* EXERCISE DETAILS *
In the records below, the line with "Building Photo - 3303 Glen Spring Dr" opens the range and the line with "LAMPARA PIE METAL 36X36X160 NEGRO" closes it; print that range exactly and nothing else.

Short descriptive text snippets
***

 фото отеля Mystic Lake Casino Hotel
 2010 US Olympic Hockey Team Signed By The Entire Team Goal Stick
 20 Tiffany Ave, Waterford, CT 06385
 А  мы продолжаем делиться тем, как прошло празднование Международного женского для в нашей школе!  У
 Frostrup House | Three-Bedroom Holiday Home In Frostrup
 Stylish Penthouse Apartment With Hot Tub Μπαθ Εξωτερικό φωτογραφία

***

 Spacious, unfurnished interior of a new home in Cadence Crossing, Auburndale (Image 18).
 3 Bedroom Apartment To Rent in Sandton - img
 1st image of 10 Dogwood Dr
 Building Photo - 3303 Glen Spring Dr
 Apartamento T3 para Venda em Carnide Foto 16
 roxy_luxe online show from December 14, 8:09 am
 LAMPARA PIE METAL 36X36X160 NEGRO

***

* TASK RESULT *
 Building Photo - 3303 Glen Spring Dr
 Apartamento T3 para Venda em Carnide Foto 16
 roxy_luxe online show from December 14, 8:09 am
 LAMPARA PIE METAL 36X36X160 NEGRO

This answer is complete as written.